= Bob Scobey =

American jazz trumpet player (1915–1976)

Robert Alexander Scobey Jr. (December 9, 1916 - June 12, 1963) was an American jazz trumpet player of traditional or Dixieland music based originally in the San Francisco area and later in Chicago, Illinois. He was born in Tucumcari, New Mexico, and died in Montreal, Quebec, Canada.

==Early life==
Scobey was born in Tucumcari, New Mexico in 1916 but his family moved to Stockton, California before his first birthday and lived there until 1930. His mother bought him a cornet when he was nine. He practiced enough to be in the school band, but thought he wanted to be a chemist. After his family moved to Berkeley, California in 1930, his high school band director recognized his ability and encouraged him to study with good musicians. He studied with the band director, then with a former member of the Goldman band and then a member of the San Francisco Symphony.
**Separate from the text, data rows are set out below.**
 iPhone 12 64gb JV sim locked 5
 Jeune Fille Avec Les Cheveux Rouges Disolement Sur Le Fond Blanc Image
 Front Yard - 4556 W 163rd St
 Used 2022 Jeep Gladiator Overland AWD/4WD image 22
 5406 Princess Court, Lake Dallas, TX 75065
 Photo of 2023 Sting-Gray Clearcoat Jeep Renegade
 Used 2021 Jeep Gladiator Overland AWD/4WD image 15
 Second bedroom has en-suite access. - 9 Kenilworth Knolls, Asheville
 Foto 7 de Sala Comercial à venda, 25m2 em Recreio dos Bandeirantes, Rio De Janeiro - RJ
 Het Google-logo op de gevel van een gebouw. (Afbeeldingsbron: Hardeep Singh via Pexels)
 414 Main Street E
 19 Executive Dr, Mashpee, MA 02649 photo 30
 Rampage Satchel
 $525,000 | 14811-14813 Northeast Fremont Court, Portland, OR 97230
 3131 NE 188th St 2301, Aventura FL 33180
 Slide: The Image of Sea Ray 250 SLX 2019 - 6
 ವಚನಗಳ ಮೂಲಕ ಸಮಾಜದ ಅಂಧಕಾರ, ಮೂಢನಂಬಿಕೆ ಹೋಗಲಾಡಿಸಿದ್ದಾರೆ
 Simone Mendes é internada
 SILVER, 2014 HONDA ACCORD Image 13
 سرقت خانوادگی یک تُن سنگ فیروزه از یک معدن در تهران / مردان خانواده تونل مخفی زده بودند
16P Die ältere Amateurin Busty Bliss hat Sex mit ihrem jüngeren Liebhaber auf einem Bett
After high school graduation in 1934, he decided to be a musician after realizing that musicians made more money than chemists.

==Professional life==
He began his career playing in dance orchestras, theater pit bands, and nightclubs in the 1930s. In 1938, he joined a band organized by trumpeter Lu Watters to play in Sweet's Ballroom in Oakland, California. Two years later, when Watters organized the traditional jazz band, the Yerba Buena Jazz Band, he joined it. (Yerba Buena was the original name for San Francisco, California.) Except for three and a half years, from 1942 to 1946, when Scobey served in the U. S. Army during World War II, he remained in the band. In addition to Watters and Scobey, the band included Bob Helm, Clancy Hayes, Squire Girsback, Russ Bennett, and Turk Murphy. Jazz critic and producer Nesuhi Ertegun says, "Waters and Scobey, with Turk Murphy on trombone, were to constitute one of the most powerful and exciting brass teams in the history of traditional jazz." The two trumpet players, Watters and Scobey, switched back and forth playing first and second trumpet during this period. In 1946 the reorganized band performed in the Dawn Club in San Francisco, then the next year moved to Hambone Kelly's in El Cerrito across the bay.

In late 1949 he left to lead his own band, Bob Scobey's Frisco Band because he was tired of the volume and regular two-beat rhythm of Watters. Clancy Hayes joined the band to sing and play banjo. Scobey was a natural leader, full of new ideas and new tunes. He was complemented by Hayes, "whose lazy southern charm" defined the band. The collaboration recorded over two hundred tracks, including Hayes' own compositions, such as "Huggin' and a Chalkin'," before he left in 1959 to follow a solo career.

From 1950, the group had a three-year residency at Victor & Roxie's in Oakland, California, where the band "met with instant and rapidly growing public support." The band also started recording on the Good Time Jazz label in April 1950. The Frisco Band was broadcast in 1952 and 1953 on Rusty Draper's television show. In 1953, Louis Armstrong sang with them at the Pasadena Civic Auditorium. In 1953 the band moved to one of the largest nightclubs on the west coast, the Rancho Grande in Lafayette, California, near Berkeley. From 1954-57, African-American blues singer Lizzie Miles recorded and toured with the band.

In 1955, Scobey and his band played dates at San Quentin Prison and at the Rancho Grande in Lafayette, California — a sizable roadhouse with a dance floor. In 1957, he recorded for Verve Records and RCA Victor. An important and successful album for RCA was Bing with a Beat recorded with Bing Crosby in 1957. From early in 1956, he toured colleges and universities and, in 1958, he recorded many of the student favorites in New York, the album College Classics (RCA Victor LPM 1700).

In 1959 Scobey and the band moved to his own club, Club Bourbon Street in Chicago, and toured extensively in the Midwest, Las Vegas, New York, and San Francisco. While touring in 1960, he was reportedly drinking half and half or heavy cream to ease the pain in his stomach.

He died of cancer on June 2, 1963 in Montreal, Canada, where he had gone for an experimental cancer treatment.

==Death==
Scobey died of cancer in 1963 in Montreal, Canada. His wife Jan produced a biography entitled He Rambled!, and arranged for his band to form again and record some blues songs. She also saw to the reissuing of his albums.

==Sources==
- Carr, I, Fairweather D, Priestley, P. (2000). Jazz: The Rough Guide. Rough Guides. ISBN 1-85828-528-3
- Ertegün, Nesuhi. (1952). Bob Frisco's Band Part II [Album]. Good Time Jazz.